Exercise brief
Word for word, output the data, with none of its pictures.

Data below
********

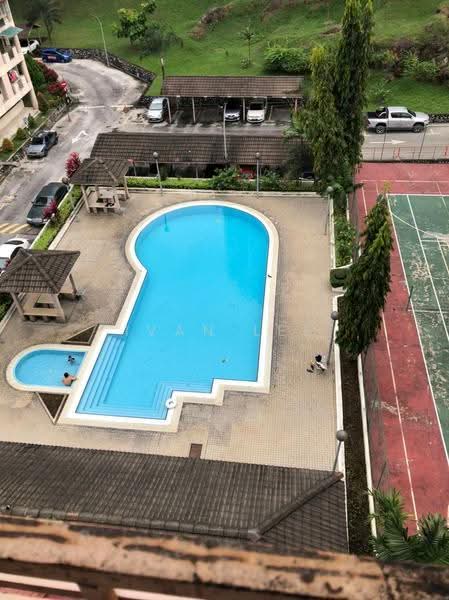 Pangsapuri untuk Disewa di Vista Perdana - Ivan Lee CR - Pool - PropertyGuru.com.my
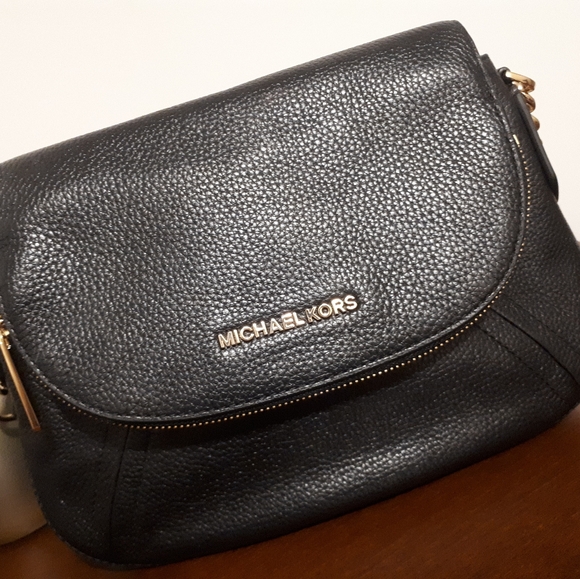 Designer purse - MK - Picture 10 of 15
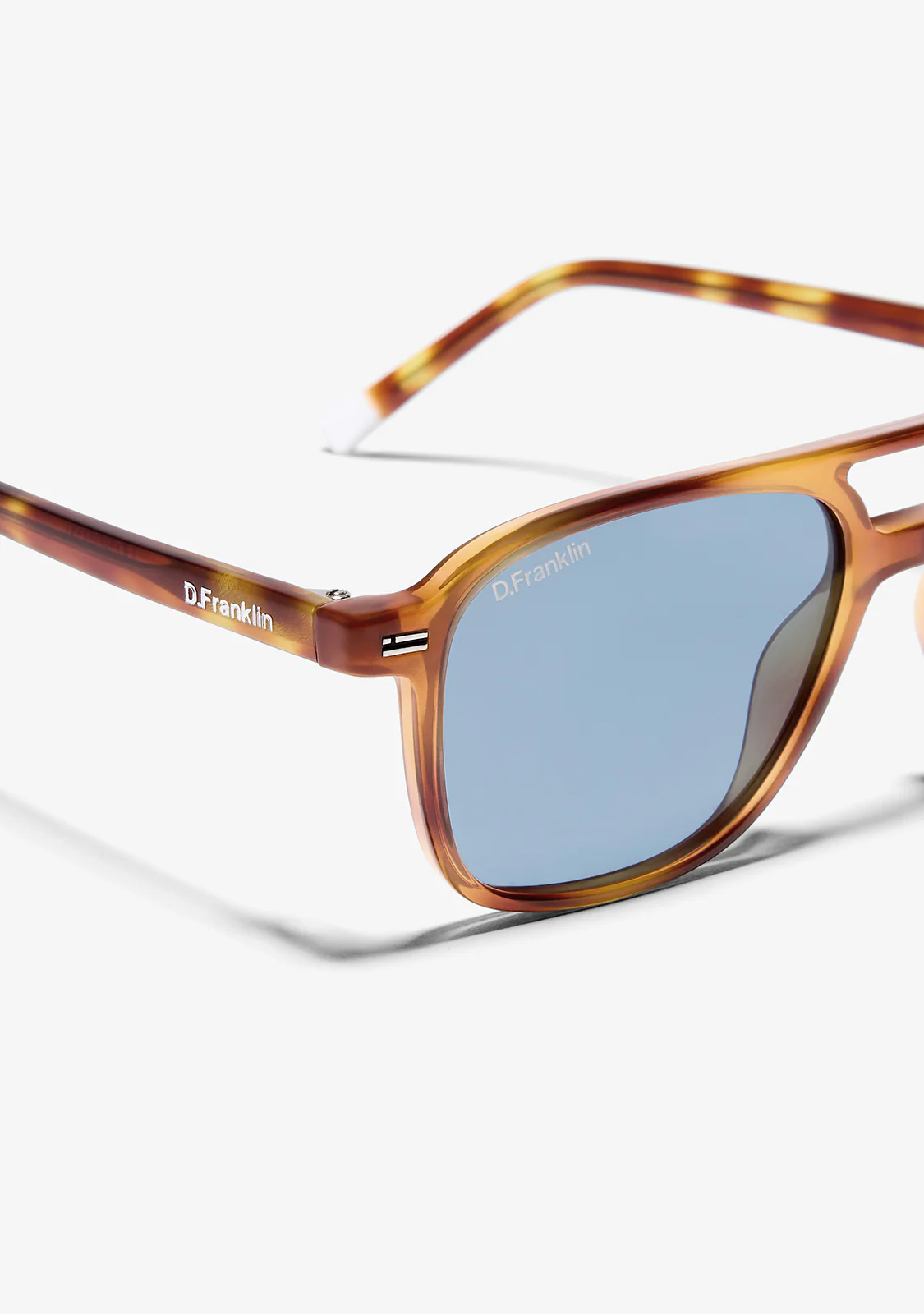 Jackson Square Amber Tort / Blue - Image 3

********

Exercise answer
 Pangsapuri untuk Disewa di Vista Perdana - Ivan Lee CR - Pool - PropertyGuru.com.my
 Designer purse - MK - Picture 10 of 15
 Jackson Square Amber Tort / Blue - Image 3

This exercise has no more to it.